Les tresses ne sont pas en reste. « Le « diéré », le « ngouka », le « niar », le « kari khétiakh », les « nodoug », de même que le gris-gris qu’on appelait « téré tékalma » que portaient les Linguère du Baol et du Cayor ont tous disparu », déplore Alé Niang.
A ce rythme, note-t-il, l’histoire traditionnelle du Baol risque de disparaître. « Nous sommes appelés à mourir et si nous partons, l’histoire va disparaître ».
Aujourd’hui, fait-il remarquer, beaucoup de traditionnalistes, à l’image de Mambenda Mboup, Sakhéwar Diop, Mbaye Soudy Samb, Niokhosso Seck de Lambaye sont tous partis sans laisser de traces.
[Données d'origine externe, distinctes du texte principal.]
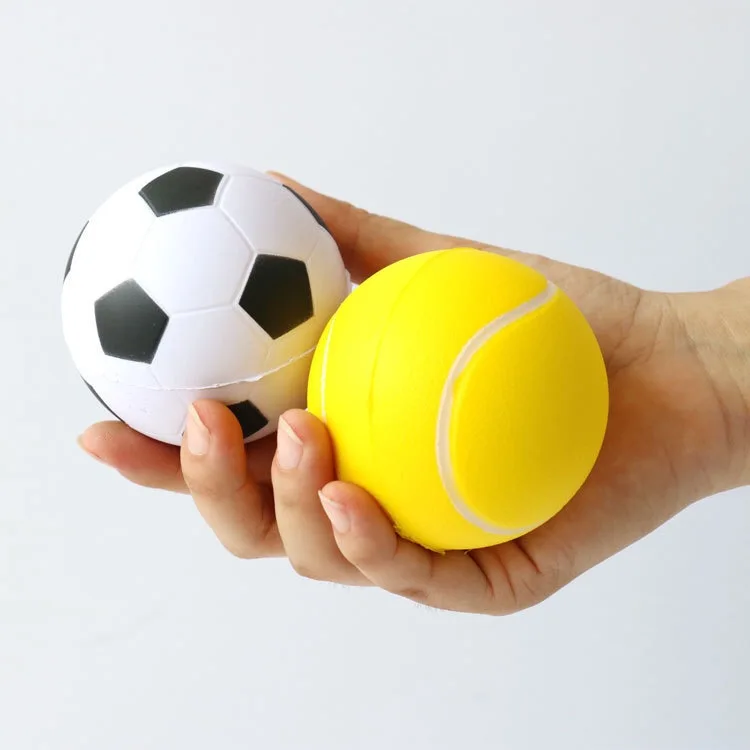 Promotional custom logo PU foam stress relief ball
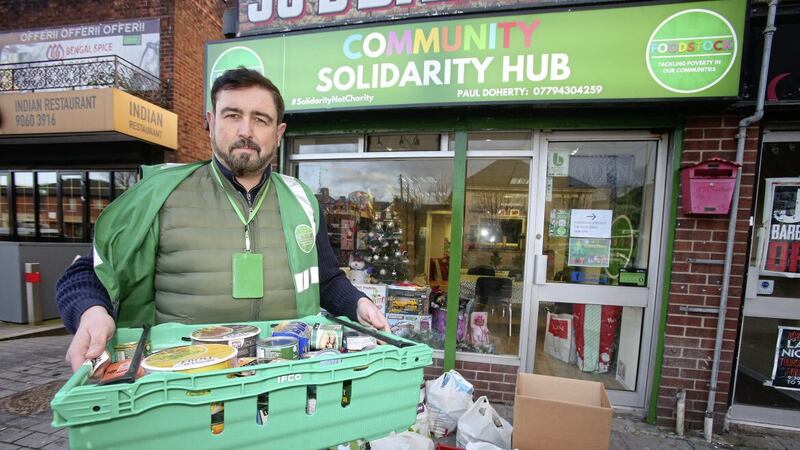 Paul Doherty at Foodstock food bank service, which is based on the Andersonstown Road in west Belfast. Picture by Mal McCann 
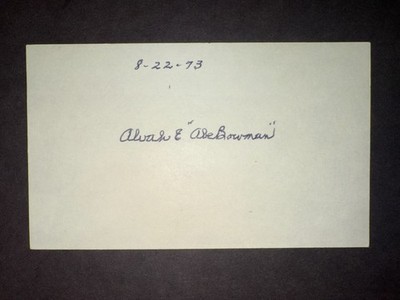 1914 INDIANS: Abe Bowman, SIGNED Vintage 3x5 (VC) - Died 1979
La tradition orale, selon Alé Niang, risque de disparaître si rien n’est fait. Alé Niang, auteur de « Si Yéri Niamane était encore là » et de la chanson « Massamba Dièye » savamment reprise par Youssou Ndour, recommande ainsi à tous les communicateurs traditionnels, du moins ceux qui maîtrisent assez bien l’histoire traditionnelle, d’en faire un livre comme l’a si bien fait Assane Ma Rokhaya Coumba Diangane qui a écrit le livre « Kadior Demb ». Et pourtant, affirme Samba Awa Ndiaye, communicateur traditionnel, par ailleurs animateur à radio Diourbel Fm Rts, d’importantes activités sont mises en œuvre à travers le développement culturel, voire la promotion des potentialités culturelles. « La région dispose d’un agenda culturel et d’un riche programme d’inventaire, de protection et de promotion du patrimoine matériel comme immatériel », note-t-il.
A Diourbel, dit-il, les animations, les spectacles, les cérémonies traditionnelles, les expositions, les festivals et de toutes activités ayant un lien avec la culture et les arts se tiennent assez souvent, même si, fait-il remarquer, la religion semble avoir pris le dessus. En atteste les différents « dahiras », les « thiante » sans oublier le phénomène des « zikr » ou chants organisés par les « Baye Fall » en hommage à leur guide, Cheikh Ibra Fall. La conséquence est qu’aujourd’hui, il est difficile d’évoquer l’épanouissement des jeunes à travers des soirées dansantes à Diourbel pourtant riche de son folklore bâti sur le « Takhourane », comme nous le fait savoir le traditionnaliste, Samba Awa Ndiaye. Pour autant, certains spectacles comme le théâtre, les concerts, les soirées folkloriques, sont organisés, même si c’est de façon parcimonieuse. Il s’y ajoute, selon El hadji Bara Ngom, les cérémonies de divination communément appelées « xooy », les séances de danses traditionnelles comme les nguel, le takhourane, etc., qui font encore de la résistance.